Shortly afterwards he left the UK to pursue his ambition of joining NASA. This required him to become a US citizen and complete the agency’s lengthy application process involving interviews, physical and mental tests as well as a written essay, which he undertook three times before finally being accepted in 1987.

“I had many low moments along the way, but I believe if you have a setback you don’t just give up,” he said.

“It was five more years before I made my first flight in 1992; I was thirty-five years old and my daughter had just been born. It was an amazing experience. I had all my family there with me in Florida on that bright sunny day in March.

“We launched with a force of 3G, the equivalent of three people sitting on your chest – I’d had the training so I knew what to expect, and after about eight minutes your hands fly up, as there’s no gravity anymore once you’re in orbit.

“I went across to the window as it was my job to take a picture. I couldn’t see any stars as it was all just black – and then I saw the earth. That was a really big moment.

“Then, we were over Canada; it only takes ten minutes from Florida to reach Greenland and I saw this big crater, about 50km across. I had no idea the first thing I’d recognise would be that!

“The higher we got the more ball-like the earth looked, and we started to go into darkness.
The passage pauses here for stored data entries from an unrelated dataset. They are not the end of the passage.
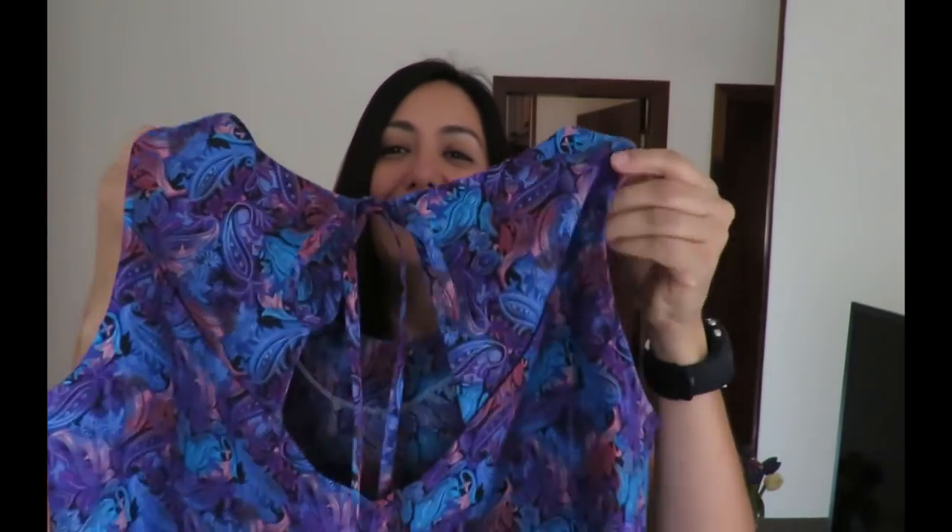Pretty easy to construct once I worked out the process and steps. I stop and think as I go, then just do it. I hope the process was nice and easy to follow. I think this back detail could be replicated on any pattern that has a back piece — most patterns do — to make it really special and different. I'm really happy with this make.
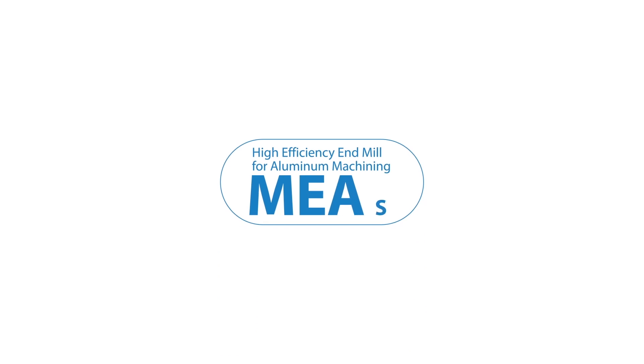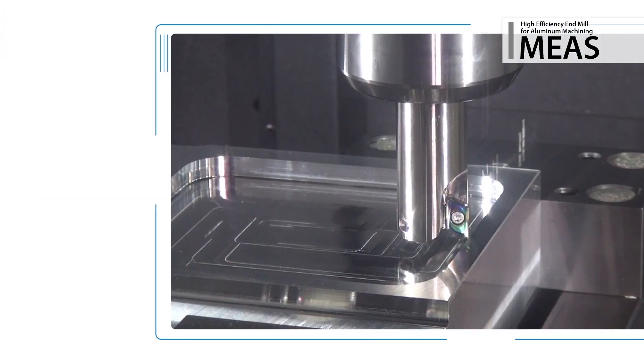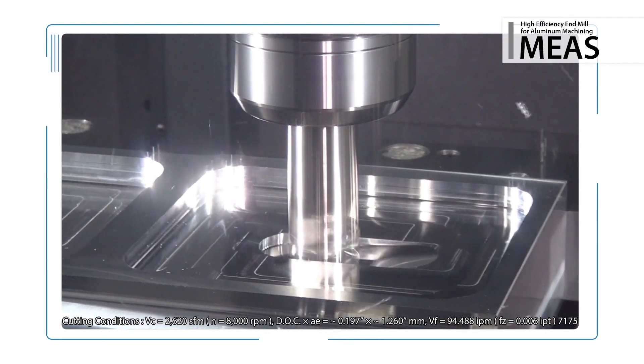Now available: the new MEAS high efficiency end mill for aluminum machining. Excellent scatter prevention ensures stable, high speed and efficient machining of aluminum aerospace parts.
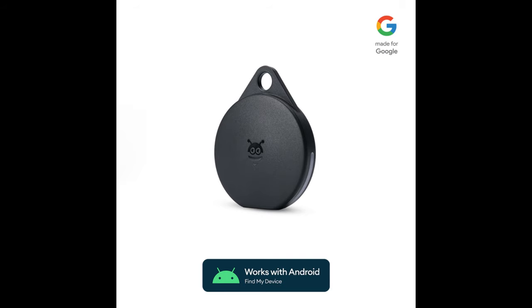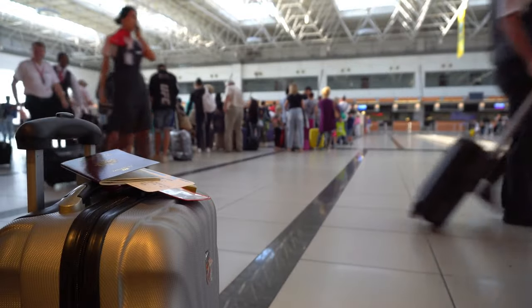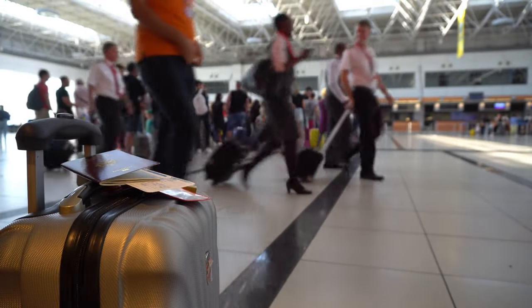Let me show you this new Pebblebee Clip. So you have an Android smartphone but it's not a Samsung Galaxy device, and you still want to be able to track your luggage, your backpack, your briefcase, your purse — whatever the case may be. This is actually the official Find My Device tracker from Google. They used the Pebblebee product instead of creating their own, which I think is actually pretty smart. There are others that are compatible, but this one you can buy directly off of the Google Store — you can't even get this on Amazon anymore.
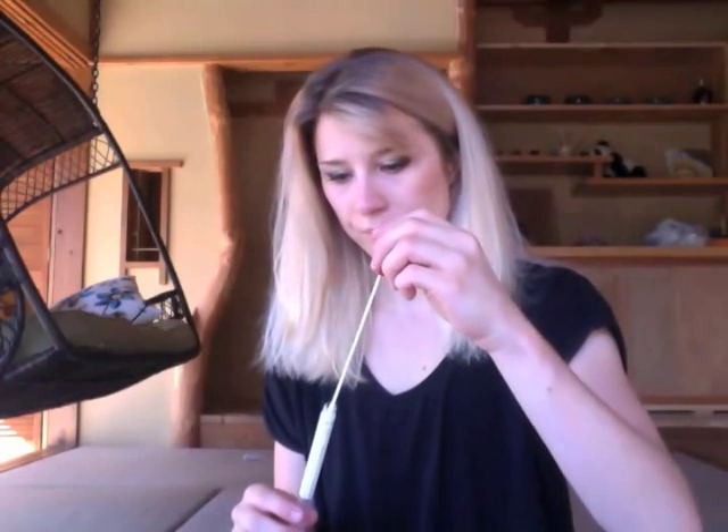Second side done. I feel like I'm brushing my teeth! Place the swab back into the tube — done. Place the tube into the small plastic sleeve.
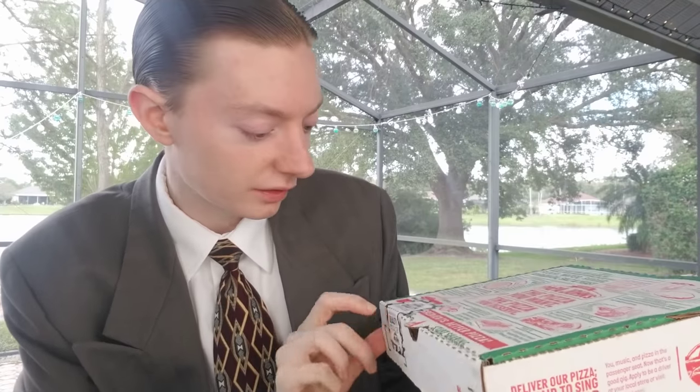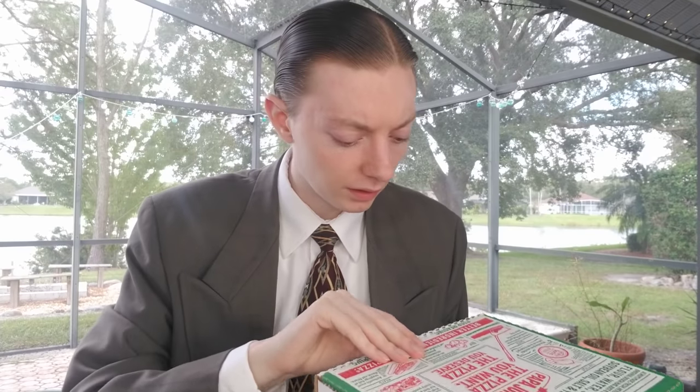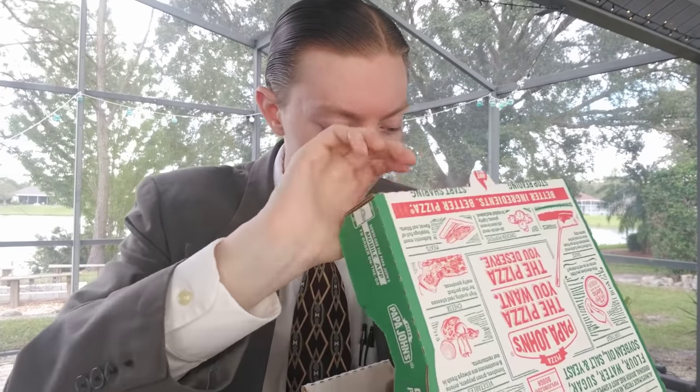Here it is. You can see it says it's quality sealed, so I haven't opened it yet. Who knows — they might have pranked me and left a half-eaten pizza crust in here — but I have faith in them that there is indeed a double cheeseburger Papa Dia in here. Papa John's has had a lot of new releases lately. Good for them.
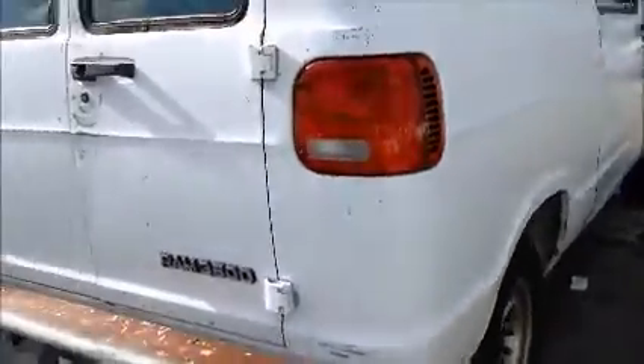This is manual windows. AC is working. This is a cargo van — a Ram 3500.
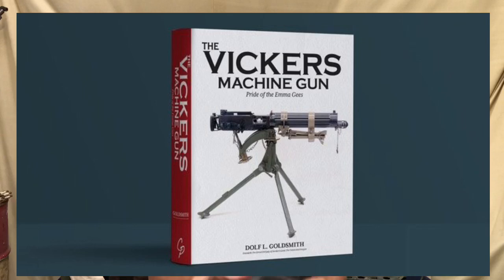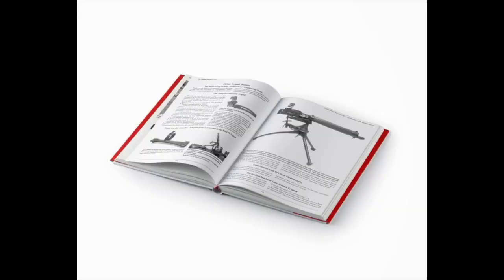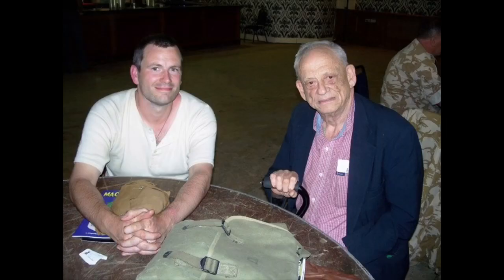Hi everyone. Just before we get into this video, a quick advert to promote our Kickstarter that Chipotle Publishing are running on the reprint of 'The Grand Old Lady of No Man's Land.' It's being reprinted as 'The Vicar's Machine Gun: The Pride of the Emma G's' — a project I was lucky enough to help Dolph Goldsmith with by contributing material alongside Dan Shea and Robert Siegel. Please go to the Kickstarter link in the description and support that project.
We were experiencing a sunrise every ninety minutes. The further east we went it was getting towards sunset. It just goes all black as the sun sets behind you, and then the stars, which look white from earth, make all these wonderful rainbow colours.

“At night the earth looks very black, it’s only really the cities you can see. The deserts are all brown and there’s green near the coastlines. It certainly gives you a different perspective on human deprivation – where people live and how much money they have got.”

Dr Foale’s first flight was a ten-day mission aboard Atlantis – the first shuttle flight devoted to the environment. The seven-strong crew conducted tests of the earth’s atmosphere, and in particular the ozone layer.

Further flights followed every couple of years, including a rather eventful tour on Russia’s Mir space platform in 1997, which has been immortalised in the book Waystation to the Stars, by his father Colin.

“A cargo ship was being tested to see if it could be flown without radar and it crashed into the space station – obviously it couldn’t be done!” Dr Foale recalled.

“The crash caused a large leak, and almost resulted in us abandoning it, but we did stay.

“We had to secure the leak, and cut off the section that had a hole in it, while the crash had destroyed one third of the whole of the electrical power supply.

“It was a very difficult time for the space station, and it made it really hard for the remaining three months.”

As well as living on Mir, Dr Foale also spent time servicing the Hubble telescope – NASA’s space telescope – and stays on the ISS, a habitable artificial satellite in low Earth orbit.

After six voyages, the veteran astronaut decided the time was right to retire and concentrate on other projects, including his own company Foale Aerospace.

“It was all down to a combination of factors, but the time felt right and I also had my own idea regarding electric flight,” he explained.

“Our dependence on hydrocarbon fuels isn’t sustainable – the time has come for us to be getting our energy from the environment, so we’re trying to build an electric plane.

“I’m actively working on a couple of projects to advance this – we’re starting with a small aircraft with a couple of seats and building up to an air carrier transport plane.”

Nevertheless, Dr Foale has not ruled out a return to orbit, should the commercial flight industry take off.

“Going into space is dangerous, there’s no doubt about it. But for me it’s all about seeing what else is out there and exploring the unknown.

“It’s a big universe; you can’t get much closer, or be more aware of it than when in space.”